R* contou, no relato que postou no Facebook, que parou com uma amiga na madrugada de quarta-feira para comer na padaria Bologna, na rua Augusta, em São Paulo, antes de ir para casa. No local, dois homens que comiam no mesmo balcão que ela começaram a incomodá-la e, em dado momento, um deles perguntou se em um segundo turno nas eleições de 2018 ela votaria em Lula ou Bolsonaro. Bastou ela dizer que votaria no petista para que o homem começasse a destilar uma série de ofensas de cunho racista e classista.

“Começaram a nos chamar de petistas e dizer que odiavam o PT e todos os petistas, porque o PT os havia roubado, que tinha acabado com a vida de pessoas como eles, de classe média alta. Que agora o dinheiro deles era roubado para sustentar esse monte de pobre, preto e preguiçoso, que não queria saber de estudar e sim de ganhar dinheiro de graça dos outros. E usaram mais diversos outros argumentos preconceituosos em todos os sentidos, racistas, apontando para os funcionários da padaria, como se eles fossem menos e dizendo que “ó lá, esse tipo de gente só pode ser petista também””, relatou R*.

A princípio, R* conta que ignorou as ofensas e se dirigiu ao caixa para pagar a conta e ir embora mas, diante da ofensiva dos dois homens, resolveu rebater. Um funcionário da padaria, então, teria entrado entre eles para intervir e, em um momento de distração, um dos apoiadores de Bolsonaro desferiu um soco em seu olho.

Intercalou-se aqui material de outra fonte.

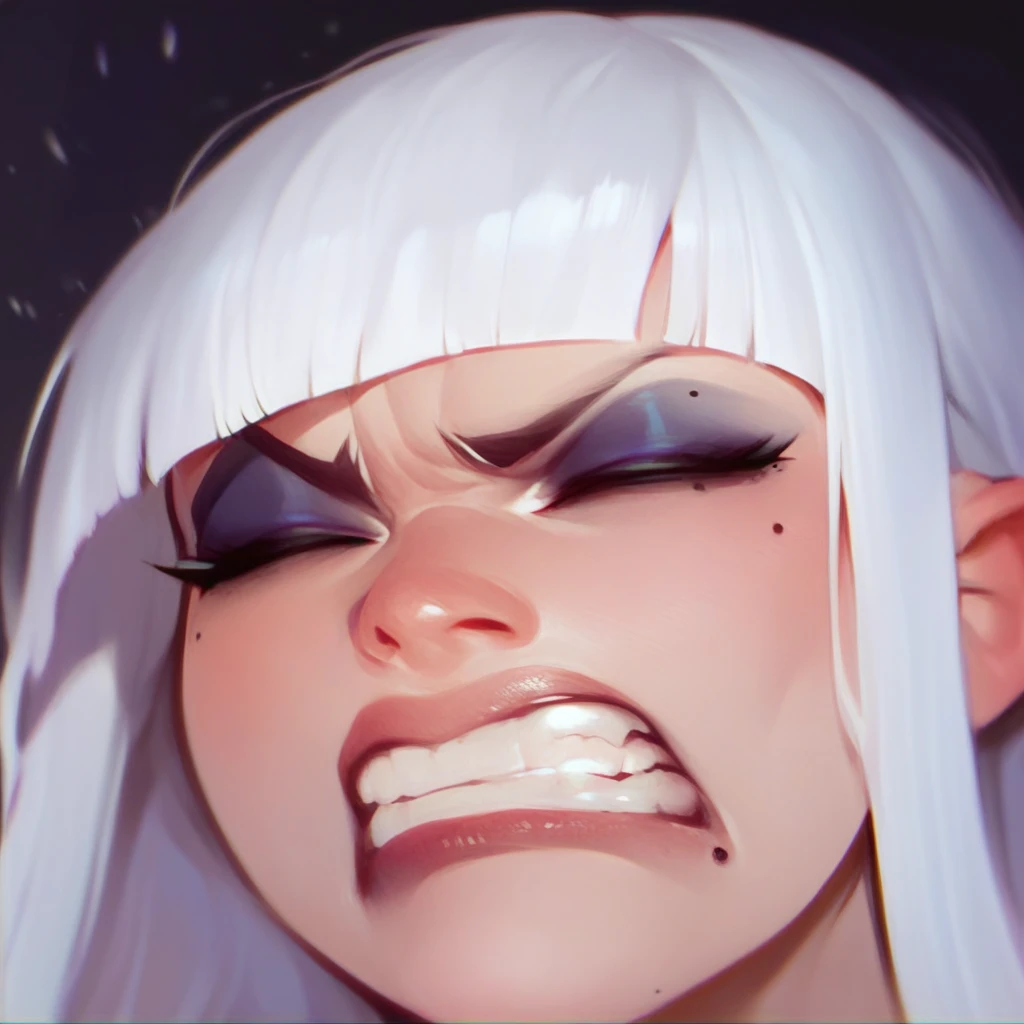 Score_9, score_8_up, score_7_up, str4in, 1girl, solo, white hair, closed eyes, teeth, blunt bangs, makeup, bangs, mole, clenched teeth, mole under eye, eyeshadow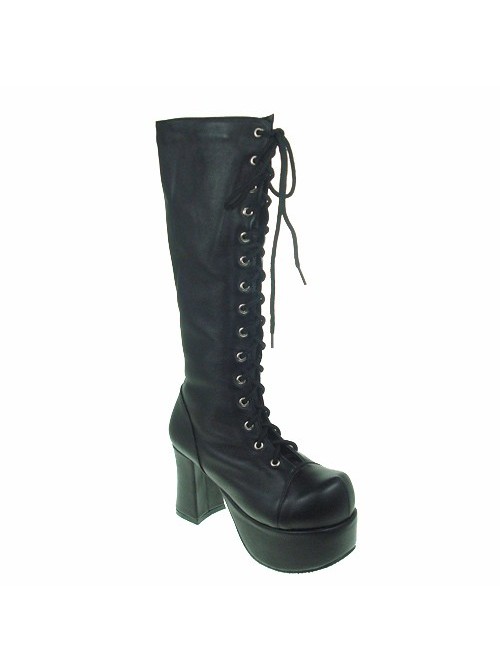 Black 3.7” Heel High Romatic Patent Leather Round Toe Cross Straps Platform Lady Lolita Boots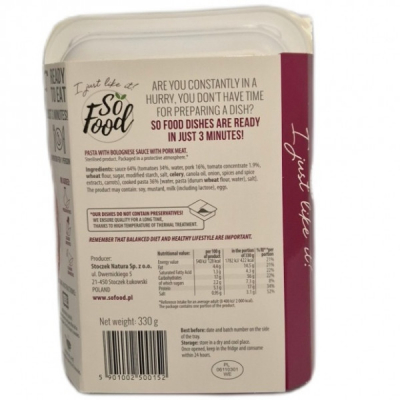 4+1 Gratis Ready Meals Pachet de Pranz o Saptamana So Food 330g MGR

A polícia foi acionada mas os agressores fugiram de carro antes da chegada da viatura. Quando finalmente conseguiu parar uma viatura de polícia na rua, os policiais se recusaram a fazer um boletim de ocorrência pois ela não tinha nenhum dado do agressor.

“Na hora, a sensação foi de pleno abandono e impotência, já que os próprios representantes da lei me disseram que não havia nada a ser feito. Voltei para casa ferida, física e psicologicamente”, contou.

À Fórum, R* disse que depois que postou o caso no Facebook, recebeu inúmeros apoios, inclusive de uma defensora popular, que a auxiliou a registrar um boletim de ocorrência na 4ª DP. Ela também solicitou as imagens do circuito interno de segurança da padaria para tentar identificar o agressor.